Input records:

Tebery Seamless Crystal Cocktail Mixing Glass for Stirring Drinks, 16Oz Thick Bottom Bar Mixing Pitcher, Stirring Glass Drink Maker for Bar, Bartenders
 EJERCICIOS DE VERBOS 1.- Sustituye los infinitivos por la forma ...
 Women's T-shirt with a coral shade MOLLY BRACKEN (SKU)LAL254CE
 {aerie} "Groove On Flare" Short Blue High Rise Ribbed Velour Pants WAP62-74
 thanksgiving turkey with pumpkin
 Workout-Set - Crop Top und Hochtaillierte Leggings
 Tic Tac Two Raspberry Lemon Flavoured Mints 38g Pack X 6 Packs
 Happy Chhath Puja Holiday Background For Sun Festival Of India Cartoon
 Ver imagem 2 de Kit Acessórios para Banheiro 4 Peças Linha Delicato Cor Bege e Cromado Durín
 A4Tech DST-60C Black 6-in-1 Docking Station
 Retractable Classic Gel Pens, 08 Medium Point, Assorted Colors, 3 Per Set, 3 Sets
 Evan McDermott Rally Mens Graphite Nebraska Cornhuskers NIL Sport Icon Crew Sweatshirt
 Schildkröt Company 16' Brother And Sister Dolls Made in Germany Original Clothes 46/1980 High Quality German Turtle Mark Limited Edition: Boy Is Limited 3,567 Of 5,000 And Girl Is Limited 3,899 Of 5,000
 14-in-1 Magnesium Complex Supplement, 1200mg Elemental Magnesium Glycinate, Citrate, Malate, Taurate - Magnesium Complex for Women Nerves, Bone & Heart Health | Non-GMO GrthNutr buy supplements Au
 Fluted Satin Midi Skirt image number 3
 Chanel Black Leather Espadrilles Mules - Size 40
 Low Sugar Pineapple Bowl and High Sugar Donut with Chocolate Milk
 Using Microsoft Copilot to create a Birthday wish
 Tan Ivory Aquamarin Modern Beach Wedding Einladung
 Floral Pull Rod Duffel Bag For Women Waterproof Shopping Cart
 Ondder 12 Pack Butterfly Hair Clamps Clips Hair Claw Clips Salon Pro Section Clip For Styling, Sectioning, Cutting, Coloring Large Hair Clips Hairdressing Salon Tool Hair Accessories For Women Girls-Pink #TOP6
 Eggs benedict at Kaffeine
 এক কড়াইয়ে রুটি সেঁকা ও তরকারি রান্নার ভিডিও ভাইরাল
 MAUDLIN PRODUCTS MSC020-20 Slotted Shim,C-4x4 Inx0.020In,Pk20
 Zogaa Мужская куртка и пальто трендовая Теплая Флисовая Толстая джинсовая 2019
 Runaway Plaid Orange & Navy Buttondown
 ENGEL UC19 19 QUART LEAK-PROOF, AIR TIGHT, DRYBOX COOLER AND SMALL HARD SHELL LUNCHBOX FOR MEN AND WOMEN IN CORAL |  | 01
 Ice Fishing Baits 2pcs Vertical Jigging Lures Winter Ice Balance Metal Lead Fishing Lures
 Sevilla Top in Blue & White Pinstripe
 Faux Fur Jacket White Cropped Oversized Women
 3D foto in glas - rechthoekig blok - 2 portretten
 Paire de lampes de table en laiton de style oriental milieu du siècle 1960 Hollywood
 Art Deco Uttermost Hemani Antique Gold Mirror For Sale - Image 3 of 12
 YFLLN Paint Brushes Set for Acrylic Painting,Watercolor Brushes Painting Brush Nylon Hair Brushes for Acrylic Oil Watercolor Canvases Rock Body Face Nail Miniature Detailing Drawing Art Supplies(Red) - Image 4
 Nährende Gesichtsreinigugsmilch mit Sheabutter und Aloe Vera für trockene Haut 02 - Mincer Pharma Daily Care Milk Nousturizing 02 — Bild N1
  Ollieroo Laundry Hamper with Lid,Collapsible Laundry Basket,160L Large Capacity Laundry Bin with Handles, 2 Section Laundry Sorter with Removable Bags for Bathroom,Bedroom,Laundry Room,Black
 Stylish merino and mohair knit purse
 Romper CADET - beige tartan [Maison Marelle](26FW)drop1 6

Work to be completed:
Take each line of the material above that holds the string "Milk" and copy it.

Response area:
 Low Sugar Pineapple Bowl and High Sugar Donut with Chocolate Milk
 Nährende Gesichtsreinigugsmilch mit Sheabutter und Aloe Vera für trockene Haut 02 - Mincer Pharma Daily Care Milk Nousturizing 02 — Bild N1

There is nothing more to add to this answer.